Lab 3: Deploy a Real-Time Inference API with Azure ML Managed Endpoints¶

Why managed endpoints matter for infra engineers¶

If you've ever stood up an API behind a load balancer — provisioning VMs, configuring health probes, wiring up TLS termination, bolting on autoscaling rules, and then doing it all again for the next release — you already understand the pain that Azure ML Managed Online Endpoints eliminate.

A managed endpoint is, at its core, a fully managed load balancer + auto-scaled compute pool + API gateway, all declared in a handful of YAML files. Azure handles the container orchestration, health monitoring, traffic splitting, and TLS — you define what to deploy and how much compute to allocate. Think of it as the difference between managing bare-metal web servers and dropping an app into Azure App Service: same workload, radically less operational overhead.

This lab walks you through every step — from training a model locally to invoking a production-grade REST endpoint — using the Azure ML CLI v2 and declarative YAML. No Kubernetes clusters, no custom Docker networking, no hand-rolled load balancer configs.
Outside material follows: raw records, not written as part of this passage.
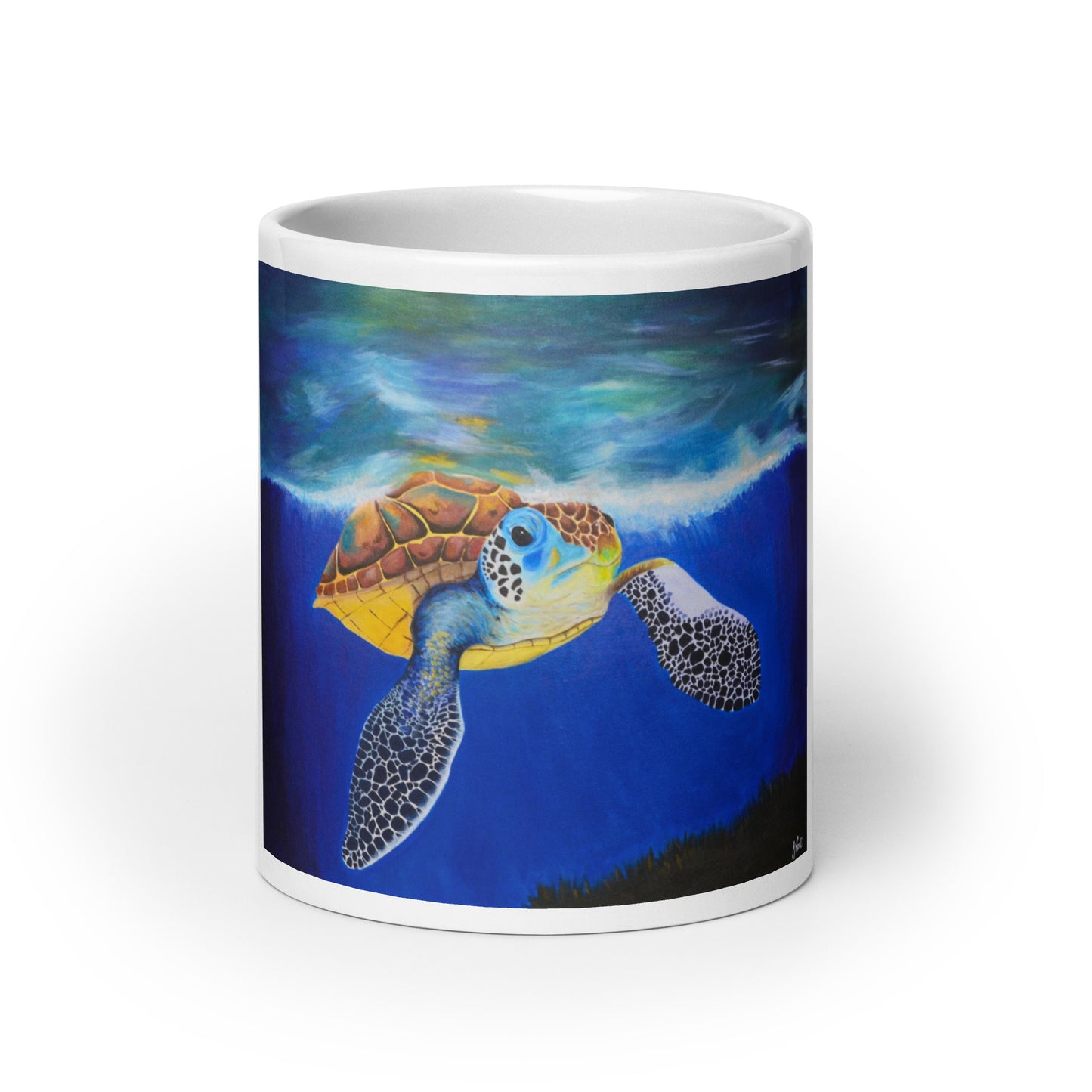 Ocean Explorer - White glossy mug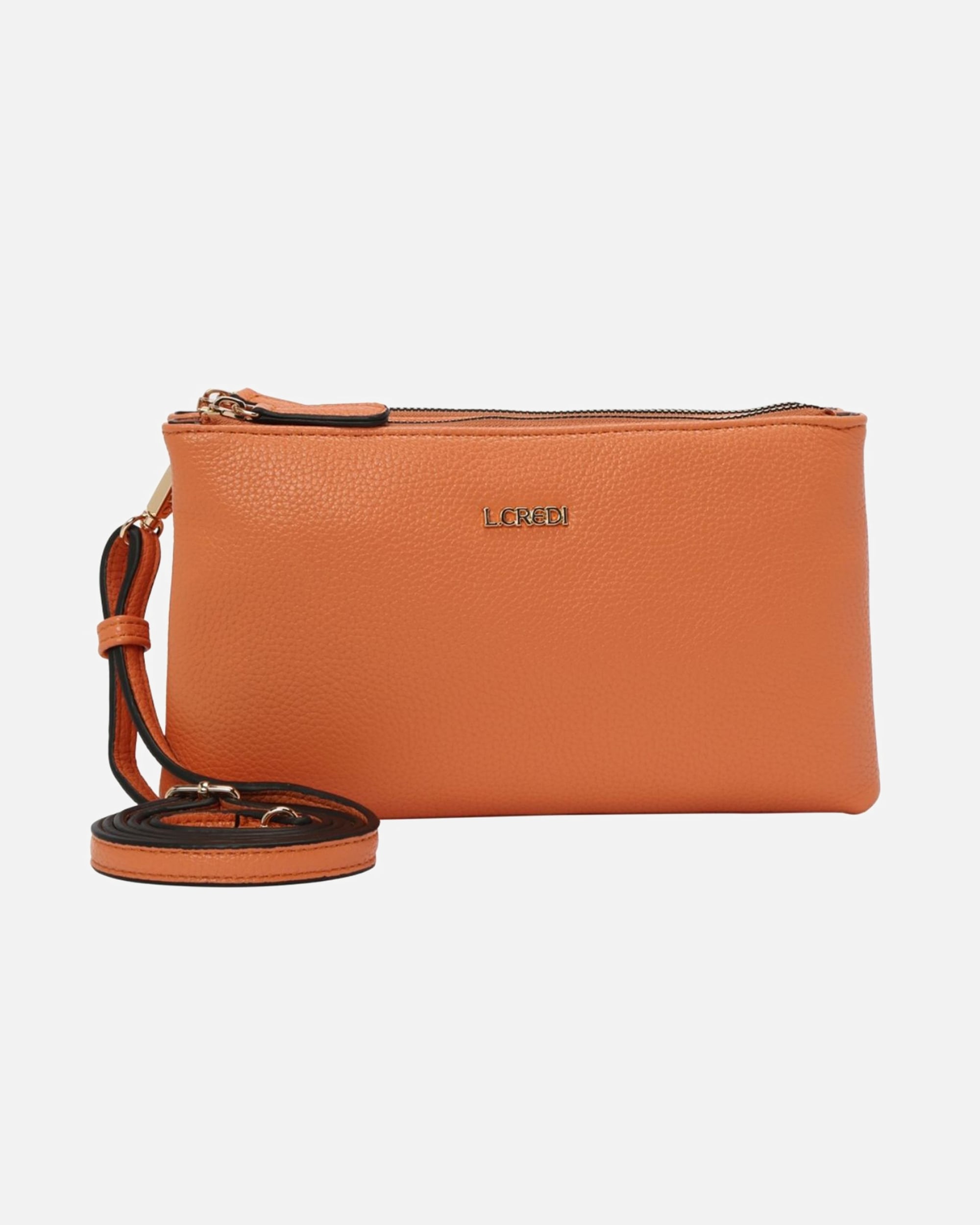Clutch für Weiblich L.CREDI Ella Umhängetasche sanddorn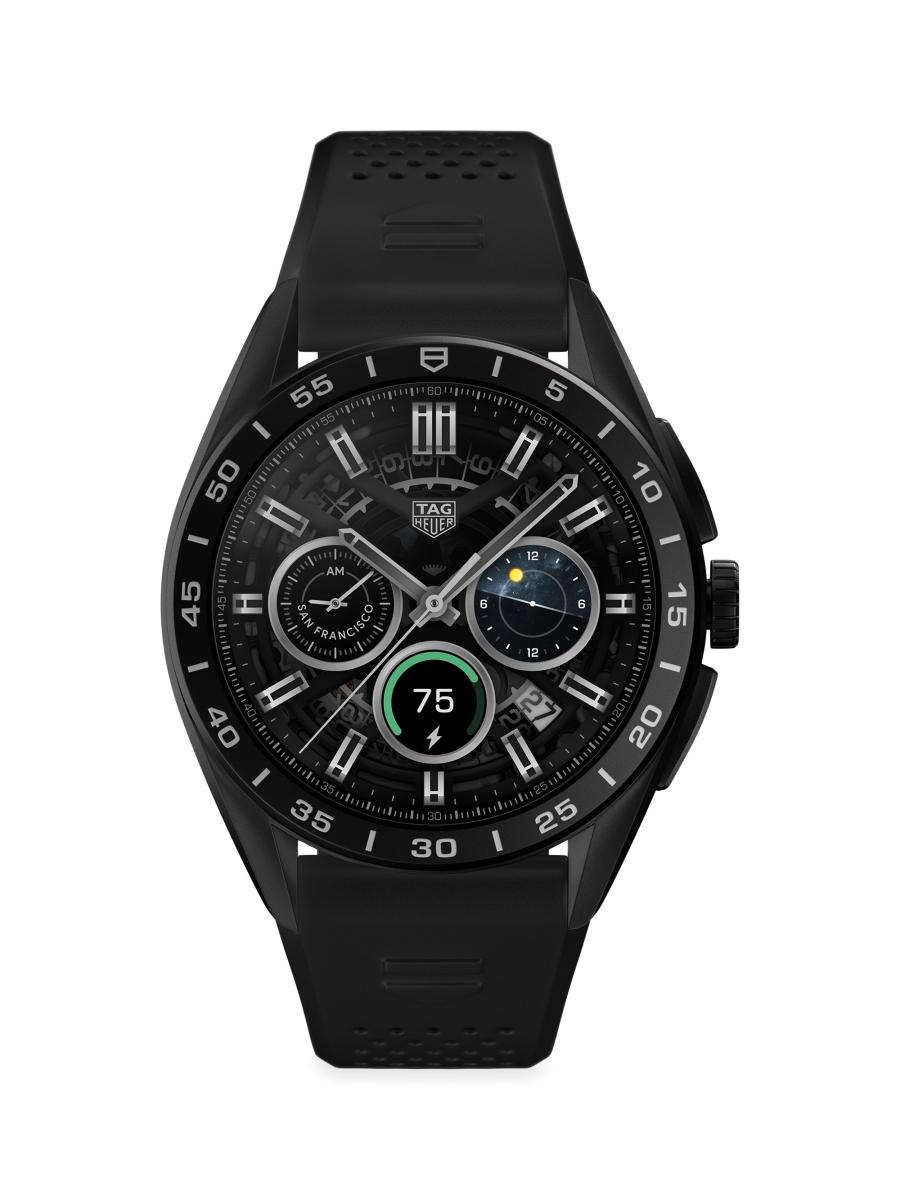 時計 TAG Heuer Connected E4 45mm TAG Heuer Connected Calibre E4 Titanium & Rubber Smart Watch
📖 Book cross-reference: This lab complements Chapter 6 (MLOps Pipelines) for CI/CD integration and Chapter 7 (Monitoring AI Workloads) for observability patterns.

What you'll build¶

┌──────────────────────────────────────────────────────────┐
│                    Azure ML Workspace                    │
│                                                          │
│  ┌─────────────┐    ┌──────────────────────────────────┐ │
│  │  Registered  │    │     Managed Online Endpoint      │ │
│  │    Model     │───▶│        "infer-demo"              │ │
│  │  (model.pkl) │    │                                  │ │
│  └─────────────┘    │  ┌────────────────────────────┐  │ │
│                      │  │  Deployment "blue"          │  │ │
│  ┌─────────────┐    │  │  ┌──────┐ ┌──────┐        │  │ │
│  │ Environment  │───▶│  │  │ VM 1 │ │ VM 2 │ ...    │  │ │
│  │ (container   │    │  │  └──────┘ └──────┘        │  │ │
│  │  image +     │    │  │  score.py + model.pkl      │  │ │
│  │  conda deps) │    │  └────────────────────────────┘  │ │
│  └─────────────┘    │                                  │ │
│                      │  TLS ─ Health probes ─ Autoscale │ │
│                      └──────────────────────────────────┘ │
│                         ▲                                 │
│                         │ HTTPS (key or Entra token)      │
└─────────────────────────┼────────────────────────────────┘
                          │
                     Client / curl

The infra analogy: The endpoint is your public-facing load balancer with a DNS name and auth policy. Each deployment is a backend pool of identical VMs running your scoring container. The environment is your golden VM image — a base container plus conda dependencies. And score.py is the application code that runs on each instance. You can run multiple deployments behind one endpoint (e.g., "blue" and "green") and split traffic between them — exactly like weighted backend pools in Azure Application Gateway.

Prerequisites¶

Requirement	Details
Azure CLI	v2.50+ with the `ml` extension
Python	3.9 or later (local training only)
RBAC	Contributor on the resource group + AzureML Data Scientist on the workspace
Quota	At least 2 vCPU of `Standard_DS2_v2` available in your target region

Install or update the ML extension:

az extension add -n ml -y && az extension update -n ml

💡 Pro Tip: Run az ml online-deployment list -e infer-demo early — if it errors with "extension not found," your ml extension is missing or outdated. Fix that before proceeding.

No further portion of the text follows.